Whether or not you are personally interested in these types of stories, you can see how they can be fun to read for people who do like them. There’s a healthy dose of comedy thrown in there, as these works are meant to be satirical, and there’s plenty of “geek appeal” for people who like that kind of thing too. But reading a book like this can’t possibly be useful, can it?
A Walk in the Park?
The men also agreed that the woods were quite nice and that hiking through them might be rather pleasant if they had a choice, but they did not. Unfortunately, human nature dictated that anything, no matter how pleasant it is, can become hateful if you feel you must do it. Just ask anyone who’s ever entered a pie-eating contest.
That’s a short excerpt from An Unwelcome Quest when a group of the characters are forced to trudge through a forest trail, slashing away at wolves and staying on guard for other possible, life-threatening dangers. The context is less important here than the actual message we can all take home and apply to our own lives.
Let’s say that you enjoy writing and you enjoy telling stories. You decide to get yourself a free website on WordPress.com or on Tumblr where you can share these stories with your friends. You do it for fun, because it makes you happy. Then, somewhere along the way, you learn that you can actually make money from blogging. Maybe you stumbled across this blog and it opened up a whole new world of possibility.

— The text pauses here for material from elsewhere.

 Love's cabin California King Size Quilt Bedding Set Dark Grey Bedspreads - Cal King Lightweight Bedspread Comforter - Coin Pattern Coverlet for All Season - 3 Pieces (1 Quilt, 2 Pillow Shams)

So, you start to learn about what it takes to be a successful blogger, paying much closer attention to considerations like SEO and ad networks and affiliate marketing and list building and mobile friendly design and all the rest of it. You learn about content strategy and how you probably should be blogging at least once a week, if not more often.
This isn’t a problem at first, but then your well of ideas starts to run dry. You feel like you would rather go shopping or play video games or ride your bike than sit down at your computer to pump out your next blog post. What was once a pleasurable experience — writing something on the Internet for everyone to read — has turned into an obligation. A chore. A burden.
Do What You Love?
No matter how pleasant the original activity may have once been, it can “become hateful if you feel you must do it.” At that point, you might feel like you’re not blogging because you want to, but rather because you have to.
Does this mean you should give up on blogging entirely and go chase some butterflies in the park instead? No, not at all! It just means you need to recognize why you are experiencing these feelings in the first place, so you can figure out how to work through them. The truth of the matter is that doing what you love doesn’t mean that you’re going to love every moment of it. There are going to be hard times and frustrations.
You just need to remind yourself why you WANT to do this in the first place, whether it’s blogging, Internet marketing, app development, web design… or a quiet hike through the woods.